Walking past the camp nearest my home, I saw the consequences up close. Flimsy tarpaulins buckled beneath the weight of water, mattresses bobbed in water and clothes hung damply, never fully drying. Each step highlighted how vulnerable these tents are and how close the rain and cold came to claiming life and health for hundreds of thousands living in tents and packed sanctuaries.

The majority of these individuals have already been uprooted, many several times over. Homes are gone. Neighbourhoods flattened. Winter has arrived in Gaza, but shelter from its fury has not. It has come lacking adequate housing, with no power, without heating.

The Weight on Education

Being an educator in Gaza, this weather weighs heavily on me. My students are not distant names; they are faces I recognize; intelligent, determined, but extremely fatigued. Most participate in digital sessions from tents; others from cramped quarters where privacy is impossible and connectivity unreliable. Many of my students have already experienced bereavement. Most have seen their houses destroyed. Yet they continue their education.

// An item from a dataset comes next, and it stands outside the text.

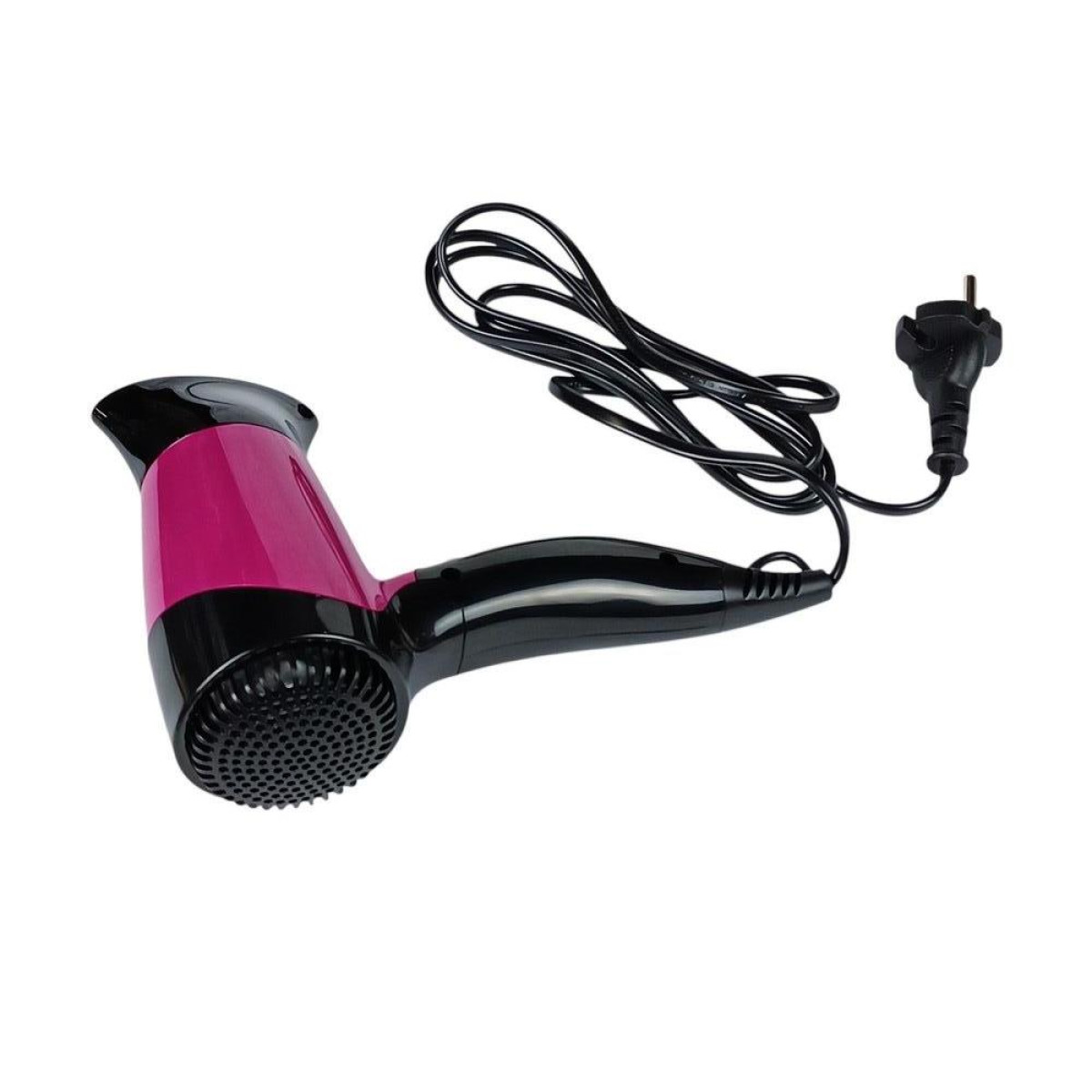 Фен для сушки волос дорожный Grunhelm GHD-508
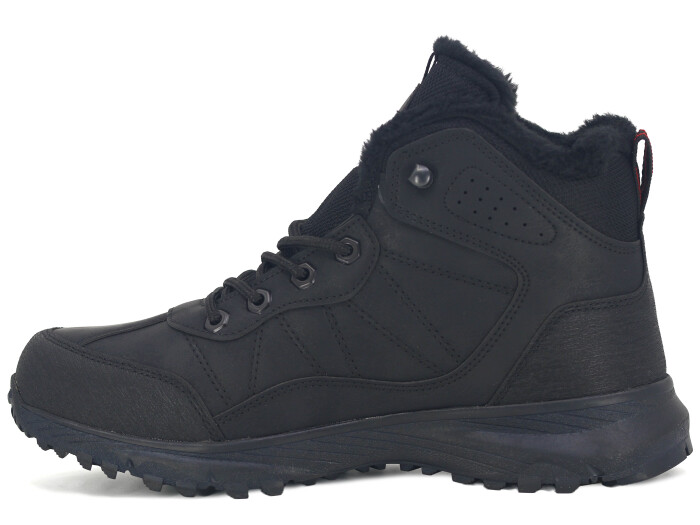 Dragon Merdane 444 Bot Siyah - Kırmızı - Dragon (1)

Their fortitude is remarkable, but it ought not be necessary in this way.

In Gaza, what would typically constitute routine academic practices—assignments, deadlines—become questions of conscience, influenced daily by concern for students’ safety, warmth and ability to find refuge.

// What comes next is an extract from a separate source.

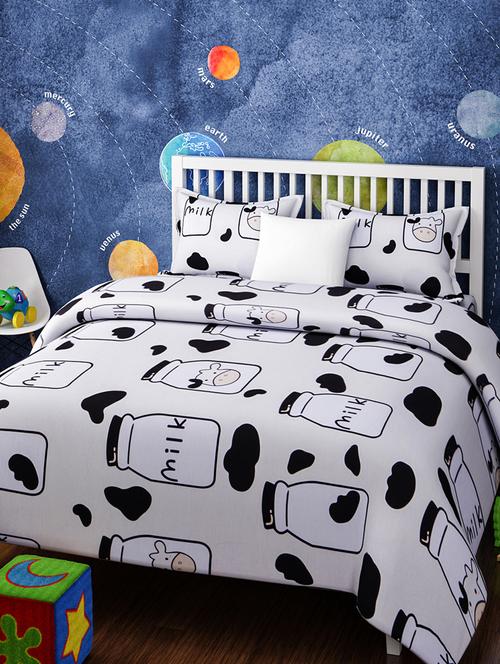 KIDS SINGLE BEDSHEET SET - 14916256 - Standard Image - 1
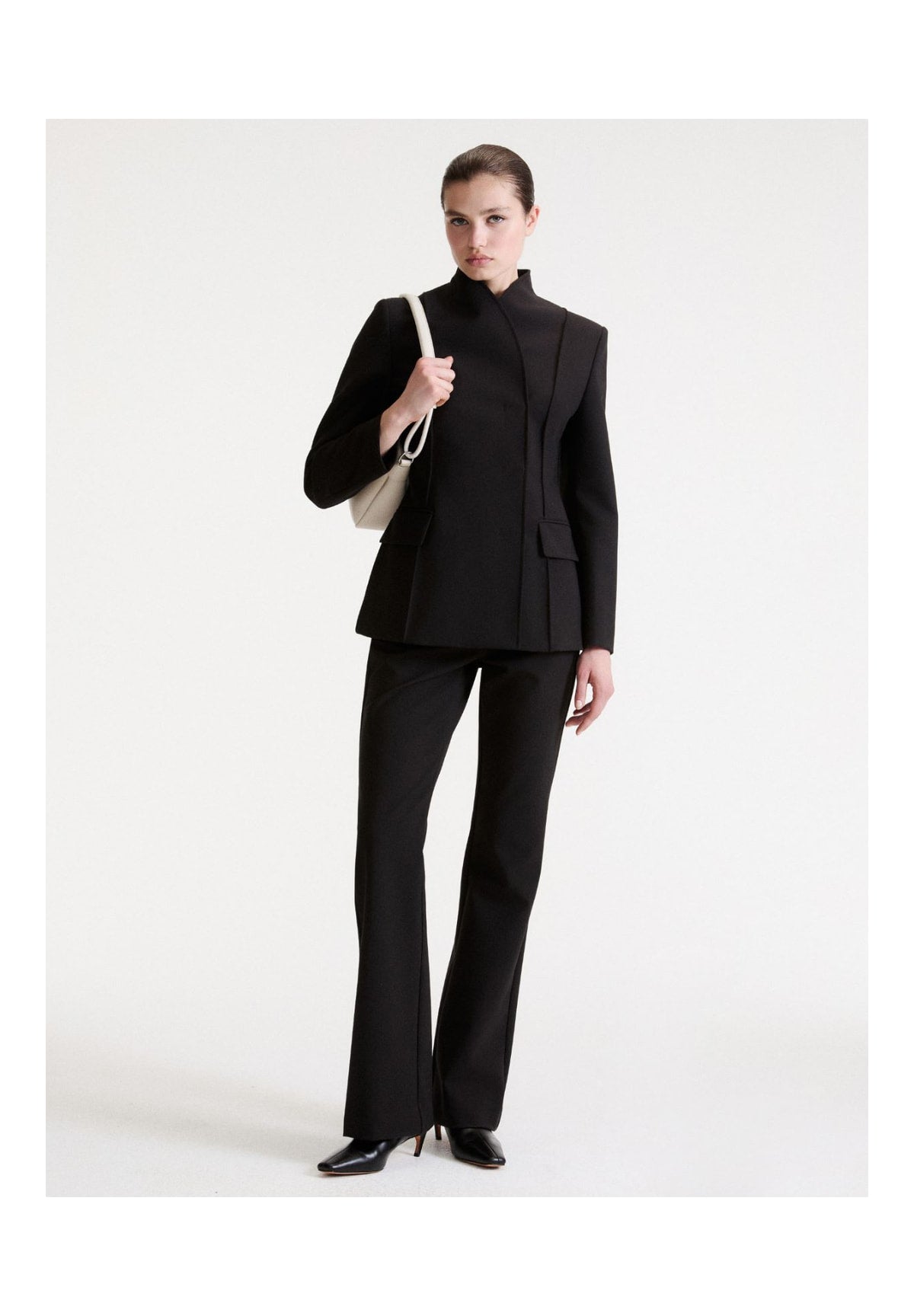 Pantaloni 2623136122200 MLLOBOLI Nero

On evenings such as this, I cannot help but wonder about them. Are they dry? Do they feel any warmth? Could the storm have shredded through their shelter during the night? For those still living in apartments, or the shells that are left, there is a lack of heat. With electricity largely unavailable and fuel scarce, warmth comes primarily through bundling up and using whatever blankets are left. Even so, cold nights are unbearable. What, then those living in tents?

The Humanitarian Shortfall

Reports indicate that over a million people in Gaza reside in temporary housing. Aid supplies, including insulated tents, have been far from enough. During the recent storm, humanitarian partners reported delivering coverings, shelters and sleeping materials to a multitude of people. On the ground, however, this assistance was frequently felt to be inconsistent and lacking, limited to short-term fixes that did little against ongoing suffering to cold, wind and rain. Structures give way. Chest infections, hypothermia, and infections associated with damp conditions are increasing.

This is not an unexpected catastrophe. Winter comes every year. People in Gaza understand this failure not as fate, but as being forsaken. People speak of how essential materials are blocked or slowed, while attempts to fix broken houses are repeatedly obstructed. Local initiatives have tried to improvise, to provide coverings, yet they remain limited by restrictions on imports. The root cause is political and humanitarian. Remedies are known, but are withheld.

An Unnecessary Pain

The factor that intensifies this hardship especially agonizing is how unnecessary it should be. No individual ought to study, raise children, or combat disease standing knee-high in cold water inside a tent. No learner should dread the rain destroying their final textbook. Rain lays bare just how vulnerable survival is. It challenges health worn down by stress, exhaustion, and grief.

The current cold season aligns with the Christmas season that, for millions, symbolises warmth, refuge and care for the most vulnerable. In Palestine, that {symbolism

Christina Clark
Christina Clark

A seasoned esports analyst and former professional gamer, sharing strategies to help players excel.